Lat 80s got approval for HA/6000 project, originally for NYTimes to move
their newspaper system (ATEX) off DEC VAXCluster to RS/6000. I rename it
HA/CMP when I start doing numeric/scientific cluster scale-up with the
national labs and commercial cluster scale-up with RDBMS vendors
(Oracle, Sybase, Informix, and Ingres that had RDBMS VAXCluster support
in the same source base with Unix).

IBM had been marketing a fault tolerant system as S/88 and the S/88
product administrator started taking us around to their customers
... and also got me to write a section for the corporate continuous
availability strategy document (section got pulled when both Rochester
(AS/400) and POK (mainframe) complained that they couldn't meet the
requirements.

Early Jan1992, in meeting with Oracle CEO, AWD/Hester told Ellison that
we would have 16-system clusters by mid-92 and 128-system clusters by
ye-92 ... however by end of Jan1992, cluster scale-up had been
transferred for announce as IBM Supercomputer and we were told we
couldn't work on anything with more than four processors (we leave IBM a
few months later).
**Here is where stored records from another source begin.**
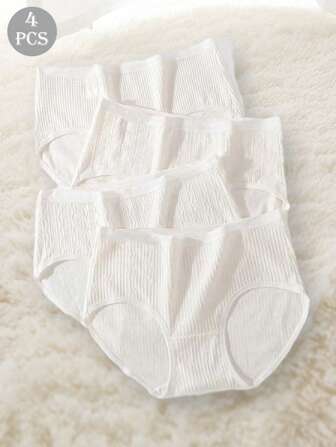 4 条 7A 级不染色高腰透气舒适女士内裤
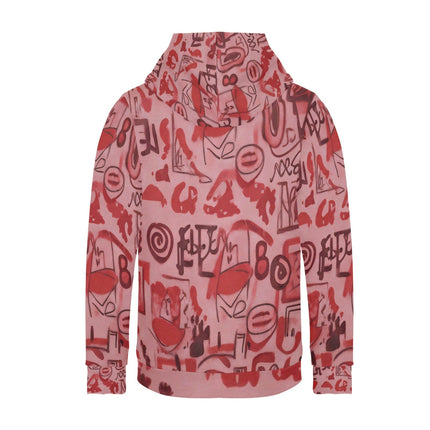 Pink graffiti scribbles on Women's Long Sleeve Fleece Hoodie JACKET ONLY new create by Designs By Kiekie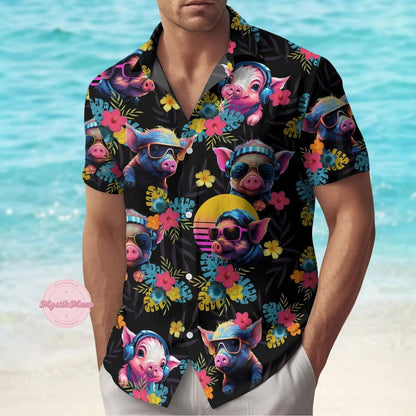 Cute Pig Hawaii Shirt Pink Pig Summer Aloha Shirts Barchelory Party Outfit, Funny Hawaii Shirt, Pig Lovers,Gift For Farmers Tops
Complaints from the other IBM groups likely
contributed to the decision.

(benchmarks are number of program iterations compared to reference
platform, not actual instruction count)

1993: eight processor ES/9000-982 : 408MIPS, 51MIPS/processor
1993: RS6000/990 : 126MIPS; 16-system: 2016MIPs, 128-system: 16,128MIPS

trivia: in the later half of the 90s, the i86 processor chip vendors do
a hardware layer that translates i86 instructions into RISC micro-ops
for execution.

1999 single IBM PowerPC 440 hits 1,000MIPS
1999 single Pentium3 (translation to RISC micro-ops for execution)
hits 2,054MIPS (twice PowerPC 440)

2003 single Pentium4 processor 9.7BIPS (9,700MIPS)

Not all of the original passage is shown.